Much has been written about Hillary Clinton’s likability. How does that play into gender stereotypes?
Self-promoting women — and all political candidates have to be extremely self-promoting — run into problems because they are seen as not likable enough. Of course, if they are not self-promoting, they are more likable but are not up to the job. Whichever way Hillary goes, she’s going to run into difficulties, given that we don’t settle for competence in our political candidates; we want them to be likable as well. It is difficult, given existing gender norms, for women to be self-promoting and likable at the same time. George [W.] Bush played on his likability, but the female version of that is something that evokes the stereotype of weakness. I can understand why women do better in parliamentary systems, where they don’t have to go directly to the people all the time.
You have said that women feel much more negatively toward dominant women than men do. Can you elaborate?
Women don’t like dominant behavior, whether it’s a man or a woman who is showing it. They think everybody should be agreeable and cooperative, and of course dominance drives these qualities out. So it is true that they don’t like dominant women, but they don’t like dominant men either. Men have more positive reactions to dominance in general, especially when it’s a man who is being dominant. They tend to have mixed reactions toward dominant women, and more positive reactions toward dominant men.
Much was made of the moment when Hillary Clinton choked up before the New Hampshire primary. What did you think of that?

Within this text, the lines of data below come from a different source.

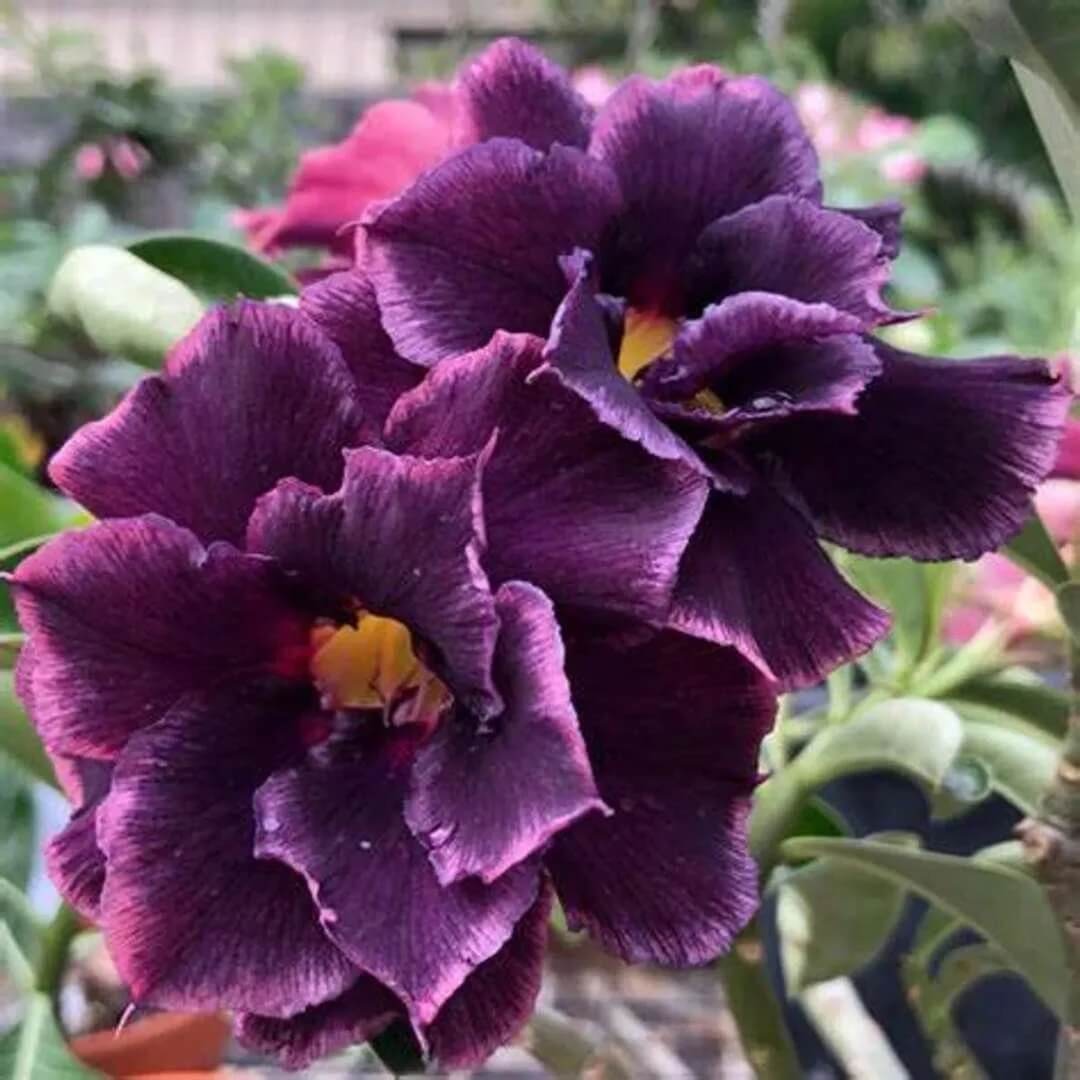 White Purple Adenium Seeds - Heirloom Flower Garden Seeds for Growing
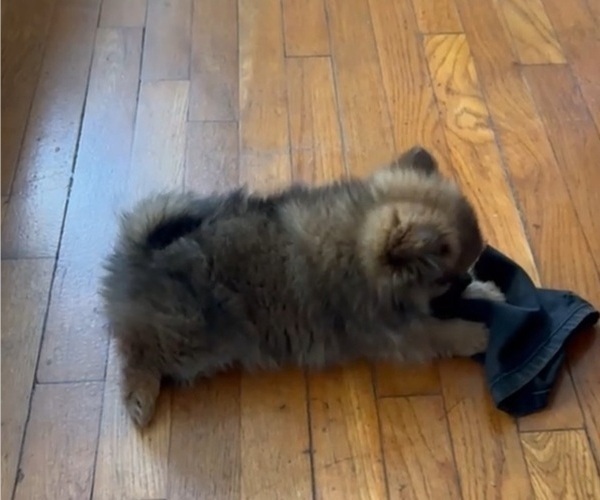 Medium Photo #4 Pomeranian Puppy For Sale in ASHEBORO, NC, USA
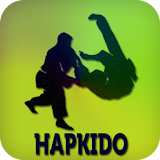 Hapkido icon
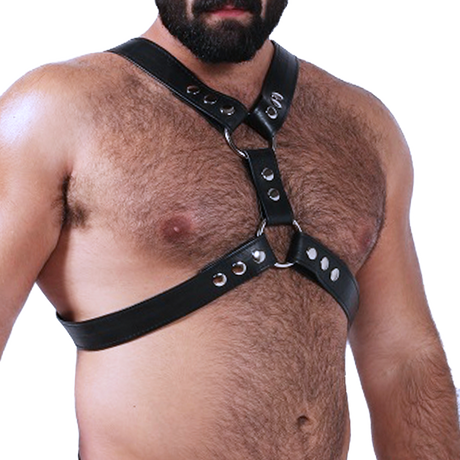 Silverlake (Harness)-Leather-Swish Embassy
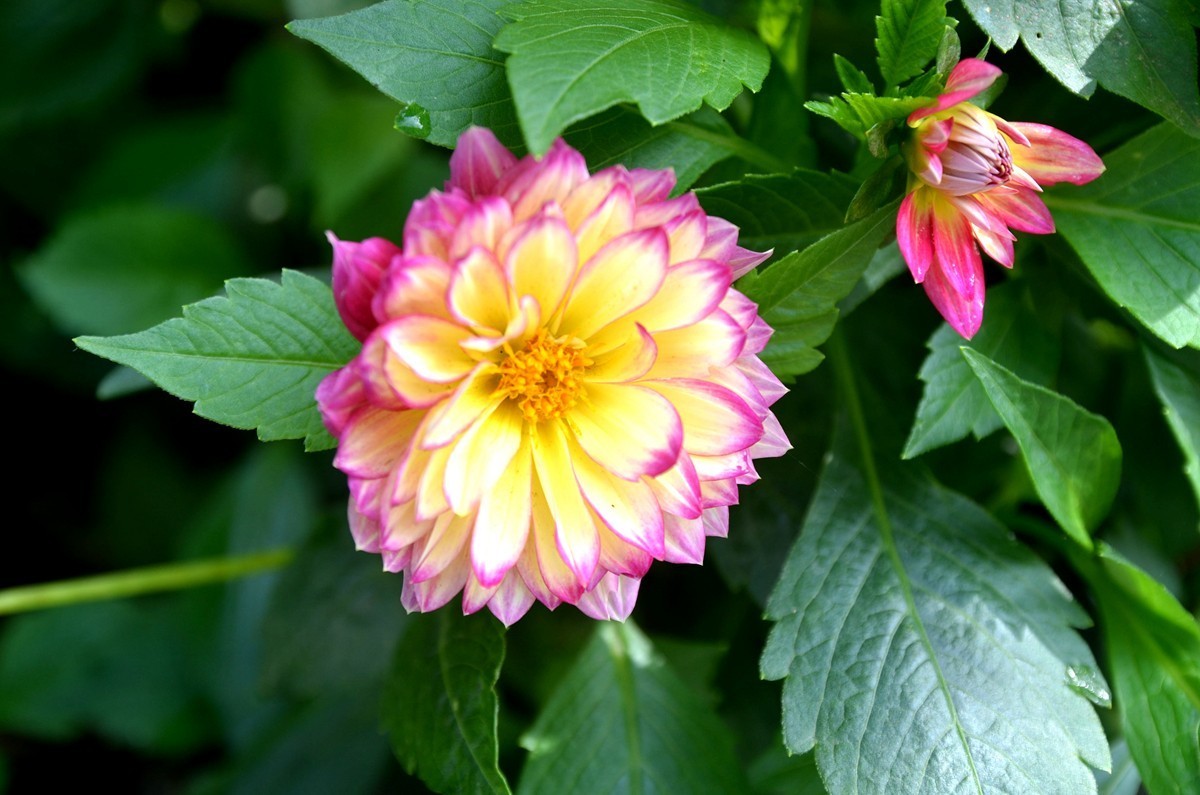 巴滨花艺园 (三)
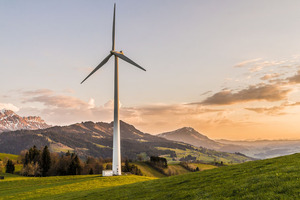 How can my business improve environmental management?
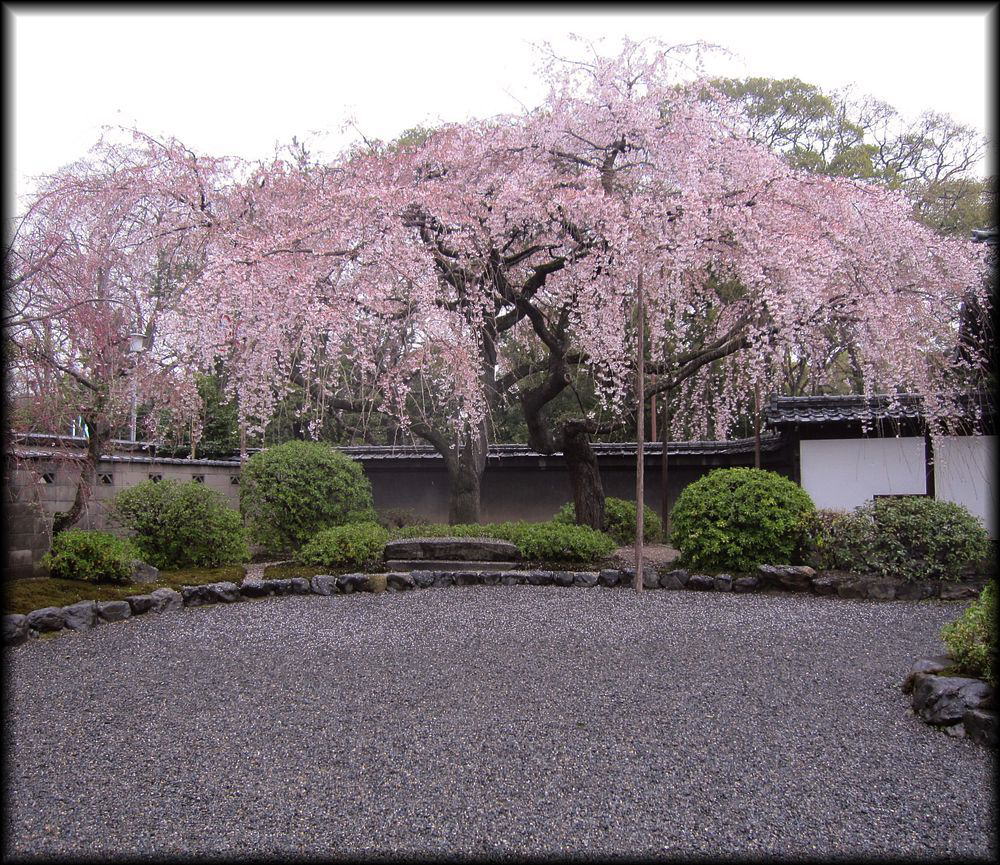 有栖川宮旧邸宅（平安女学院有栖館）丨日本京都丨11代目小川治兵衛（7代小川治兵衛末裔）-27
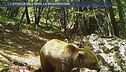 L'attacco dell'orso, la ricostruzione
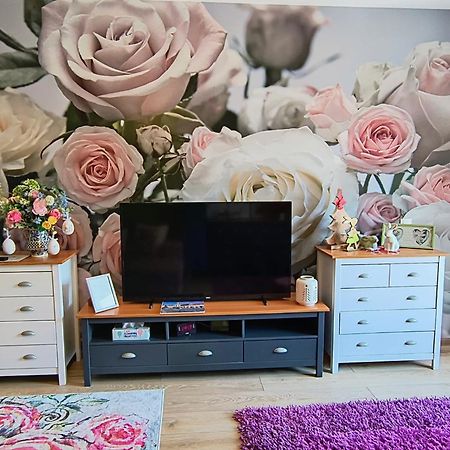 Sweet Garden Residence Brasov Ngoại thất bức ảnh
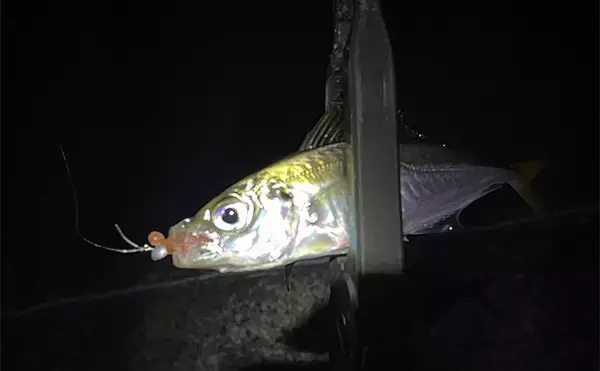 「深日港アジング釣行で本命マアジ5尾キャッチ【大阪】前日の大雨による水潮に苦戦」の画像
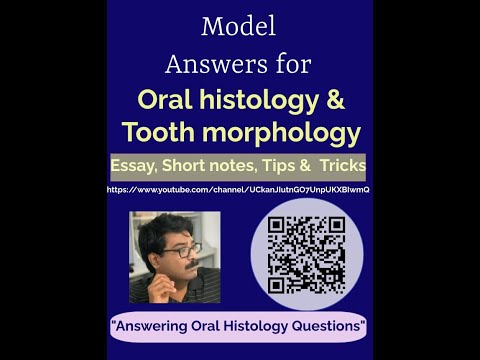 How to answer best for the question on human dental pulp stones?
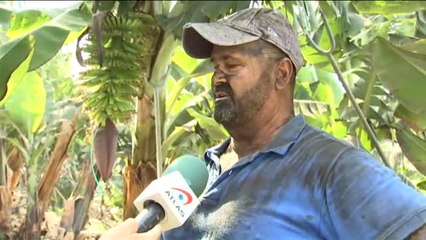 La ceniza sigue complicando el trabajo de los agricultores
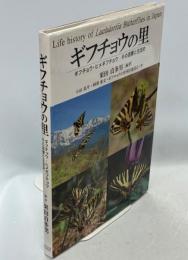 ギフチョウの里　ギフチョウ・ヒメギフチョウその混棲と生活史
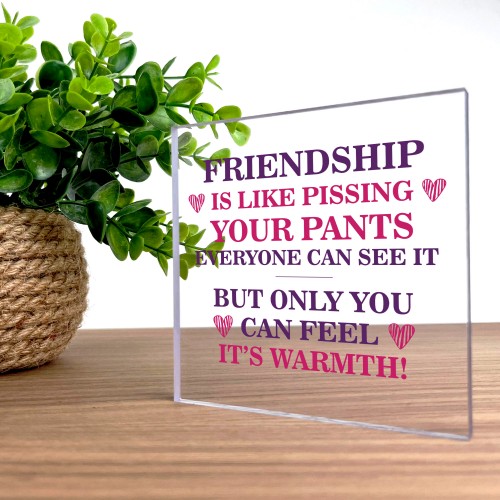 Best Friend Plaque Friendship Gift Novelty Birthday Christmas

It illustrates how stereotypes work. It’s not that people come in and apply stereotypes wholesale to situations, but when events happen, stereotypes provide a lens through which to interpret them. I’ve seen George Bush’s eyes well up many times. In him, it’s seen as his humanity showing through. But when Hillary did it at the diner, and especially in response to another woman asking her how she does it, it was not a man’s humanity showing through but a woman’s vulnerability. And it seems to have worked both for her and against her.
Yet in 1972, Sen. Edmund Muskie cried before the New Hampshire primary, and many people say it destroyed his candidacy. Has our perception of a candidate’s emotions changed?
It really depends on the context. Certainly people want their leaders to be human in positive ways, but they don’t want weakness. Yes, times have changed, but I do not think people have become more tolerant of weakness in their political leaders.
Have we had the same problem with racial stereotypes in this campaign?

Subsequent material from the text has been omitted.